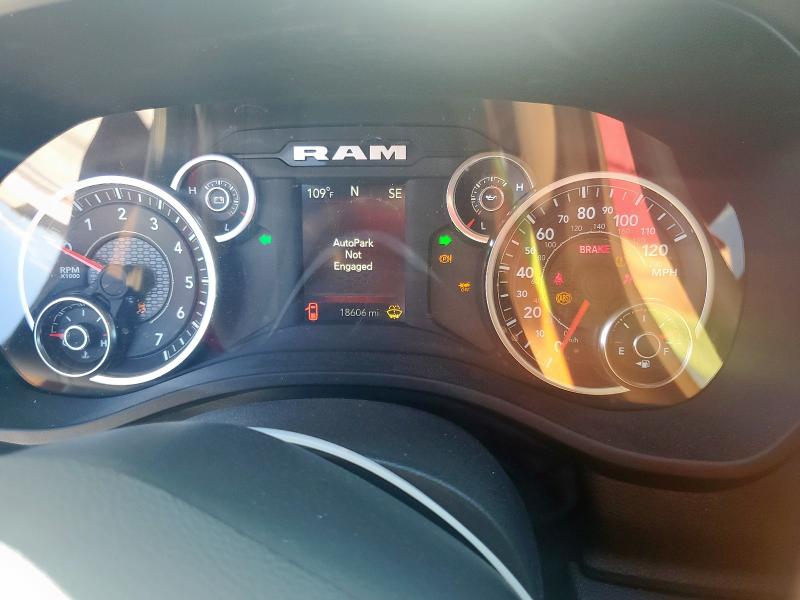 Photo 9 from auction – 2025 RAM 1500 BIG H with VIN 1C6RREFP3SN661405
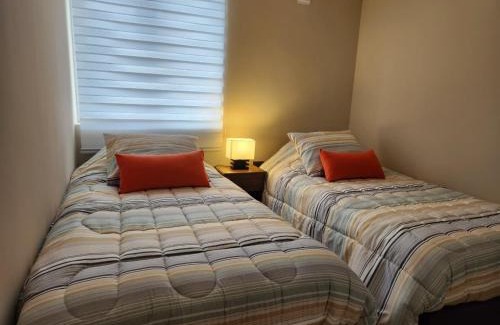Valdivia Apartment | Dpto full equipado,dormitorio en suite en Valdivia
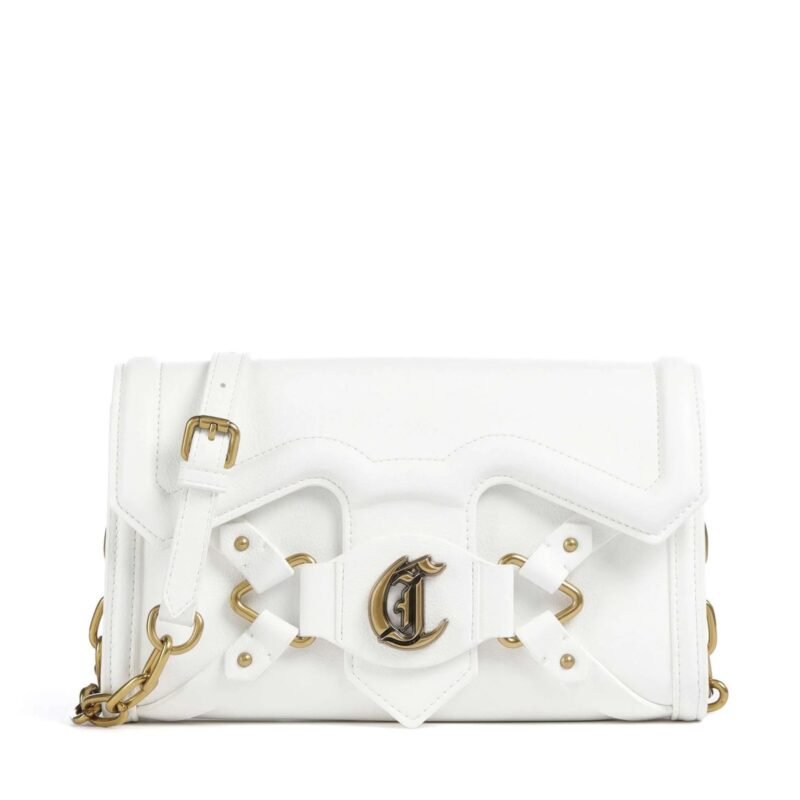 Crossbody bag with chain strap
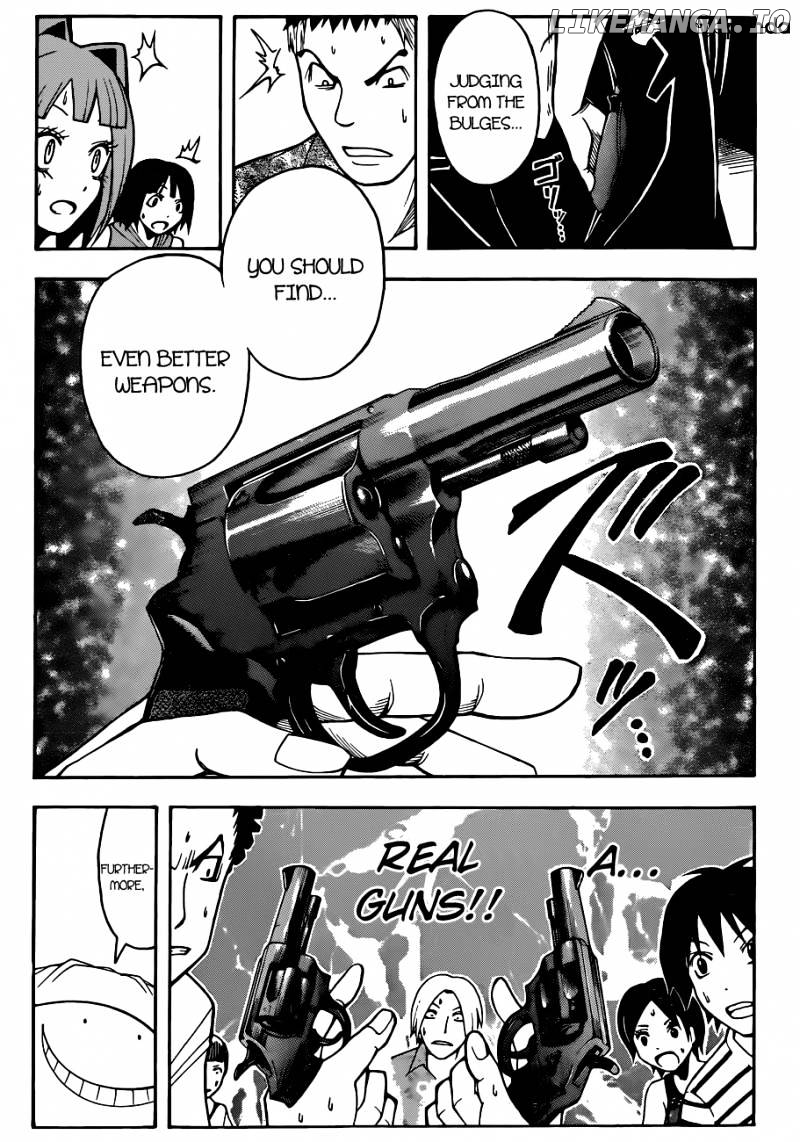 Ansatsu Kyoushitsu chapter 67 - page 10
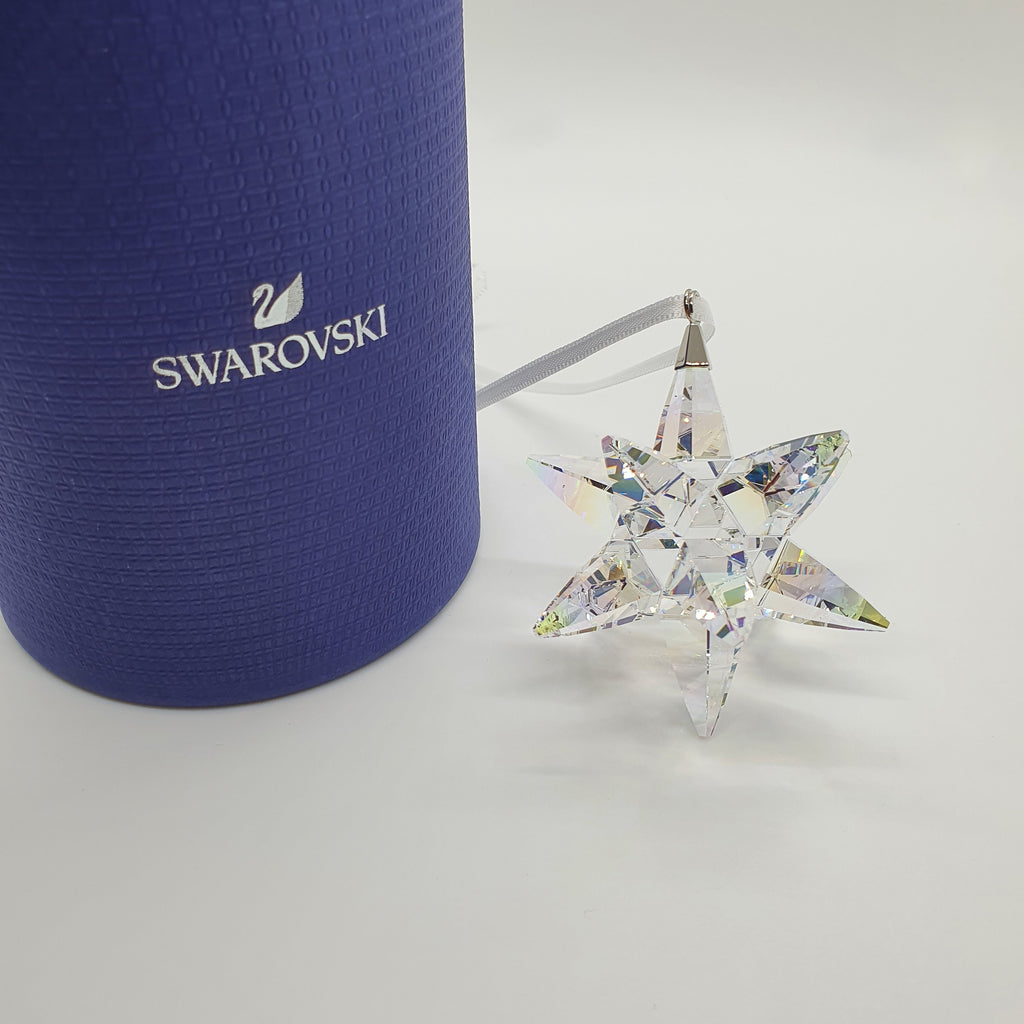 SWAROVSKI Weihnachtsstern Stern Ornament Shimmer Mittel 5545450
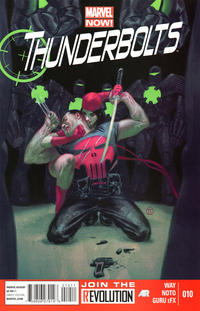 Cover Thumbnail for Thunderbolts (Marvel, 2013 series) #10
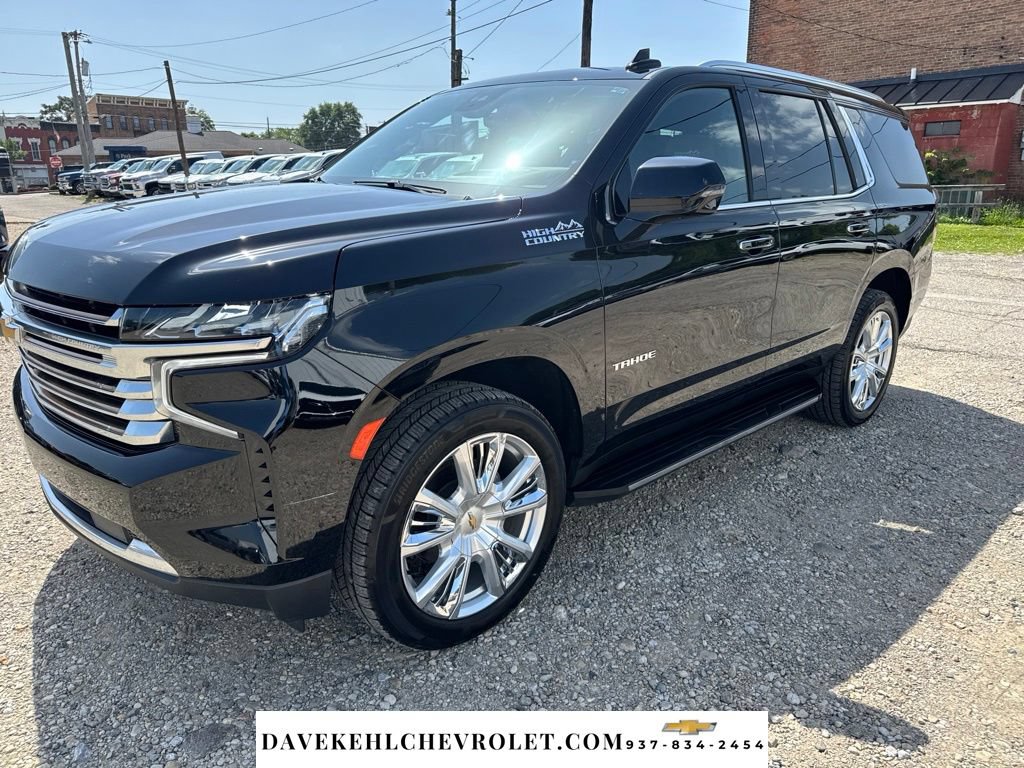Used 2023 Chevrolet Tahoe High Country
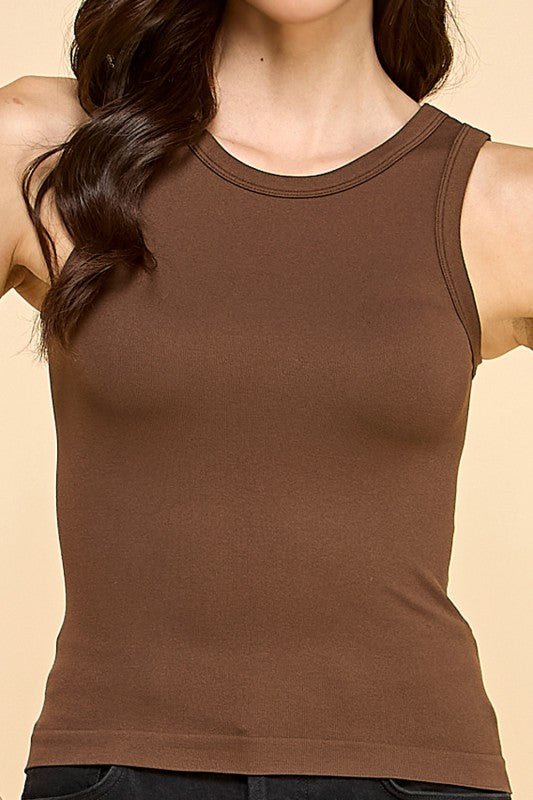 NT71L TINY RIB TANK TOP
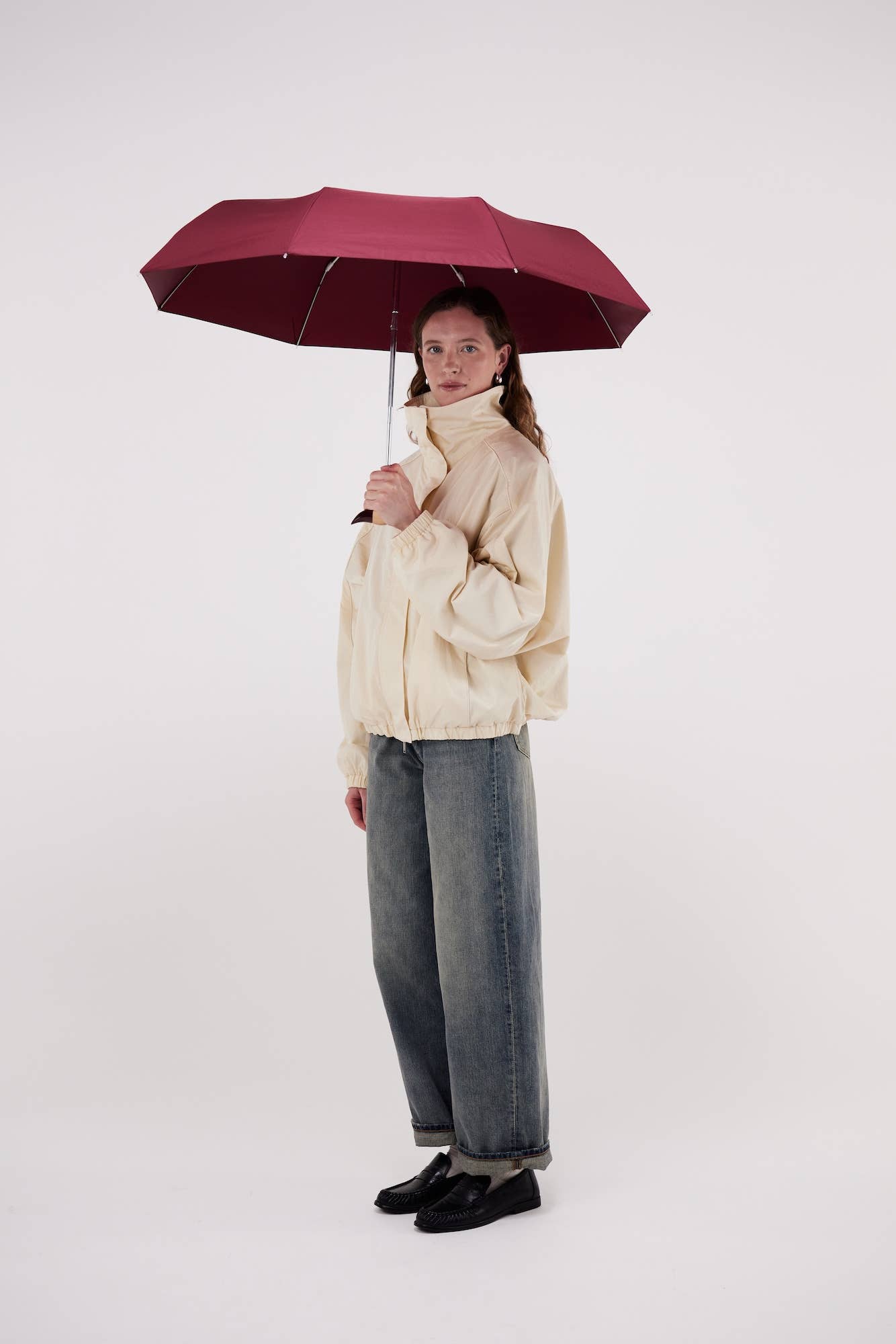 Best-seller - Cherry Compact Eco-Friendly Duckhead Umbrella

== Work instructions ==
Counting the line with "NT71L TINY RIB TANK TOP" and the last line of the data above, transcribe those two lines and every line between them exactly, without the pictures.

== Expected output ==
 NT71L TINY RIB TANK TOP
 Best-seller - Cherry Compact Eco-Friendly Duckhead Umbrella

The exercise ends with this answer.